WHAT YOU WILL DO =>
For the records that follow, please set down exactly the lines between the one holding "Poda del olivo. 05/04/2018." and the one holding "St Peter’s Wort, Square", inclusive, and only those.

INPUT RECORDS =>
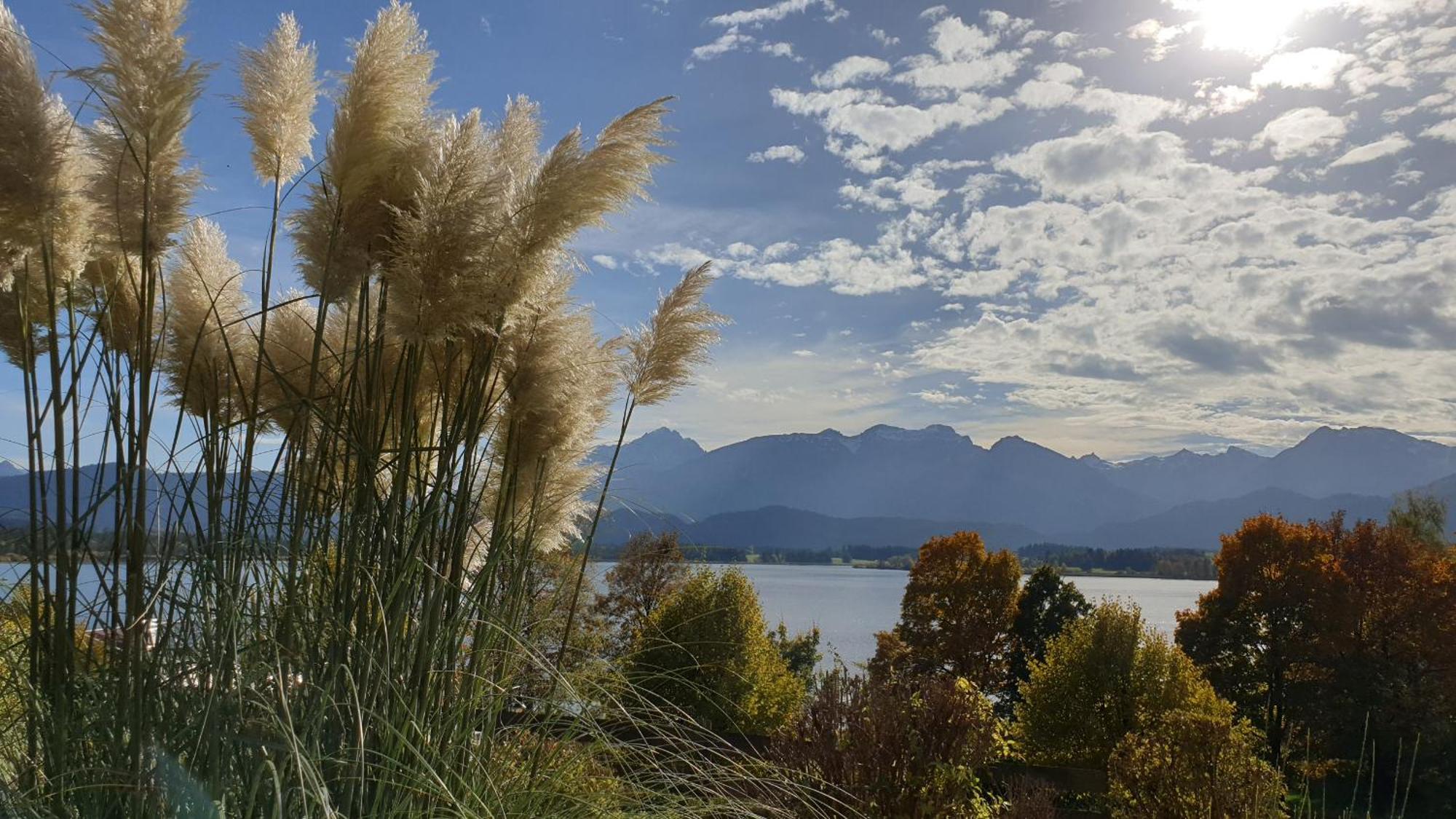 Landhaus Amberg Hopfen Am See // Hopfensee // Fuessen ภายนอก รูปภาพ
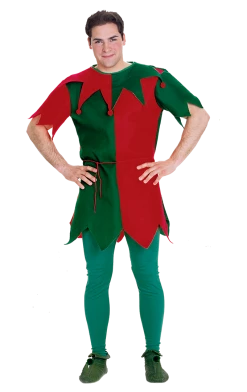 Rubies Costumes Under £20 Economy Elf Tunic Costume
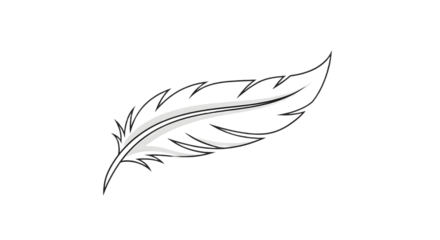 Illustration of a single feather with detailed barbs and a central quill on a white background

* * *

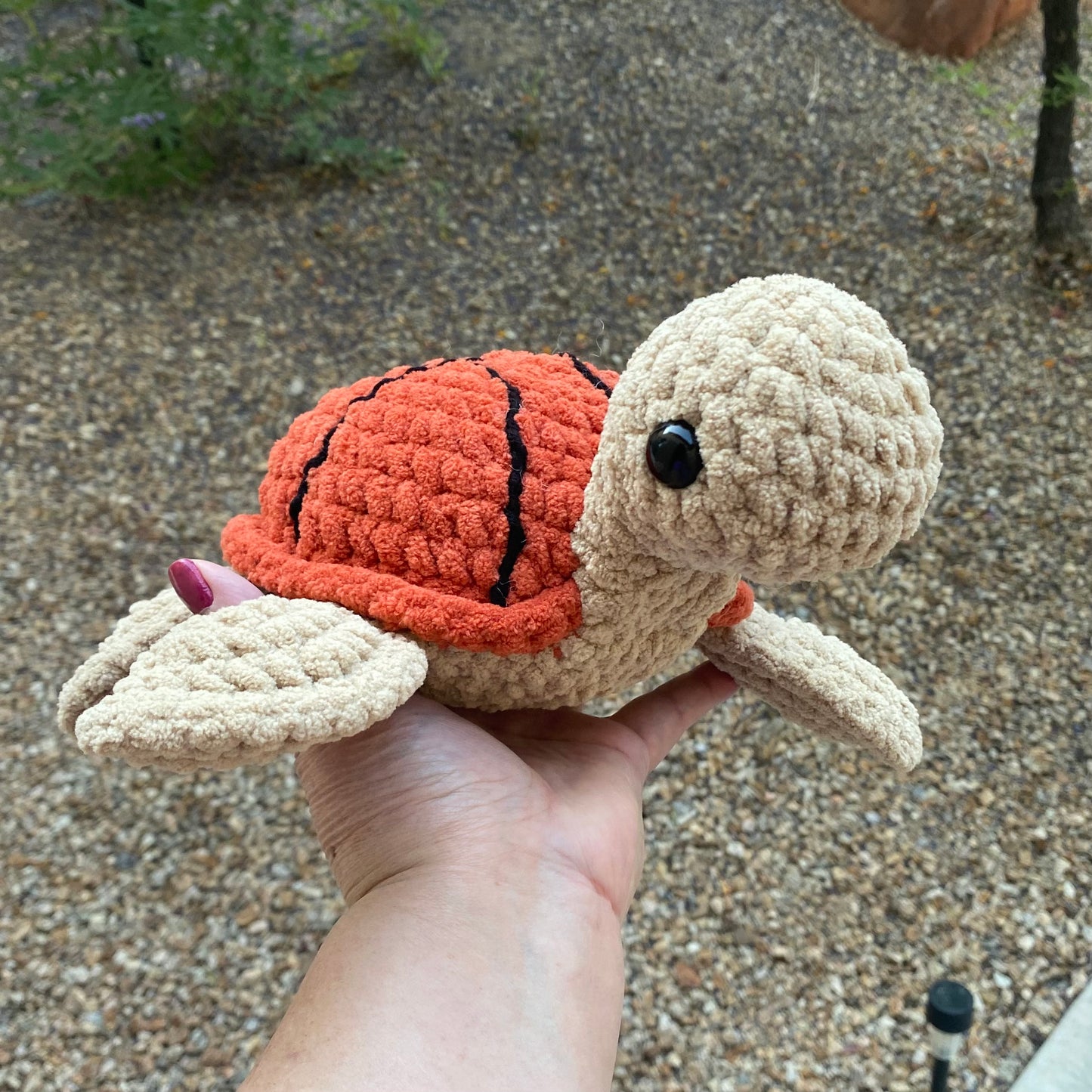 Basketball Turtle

--

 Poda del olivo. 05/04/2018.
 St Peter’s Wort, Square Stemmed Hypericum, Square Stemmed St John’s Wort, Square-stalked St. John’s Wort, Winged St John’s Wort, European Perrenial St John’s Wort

ANSWER SPACE =>
 Poda del olivo. 05/04/2018.
 St Peter’s Wort, Square Stemmed Hypericum, Square Stemmed St John’s Wort, Square-stalked St. John’s Wort, Winged St John’s Wort, European Perrenial St John’s Wort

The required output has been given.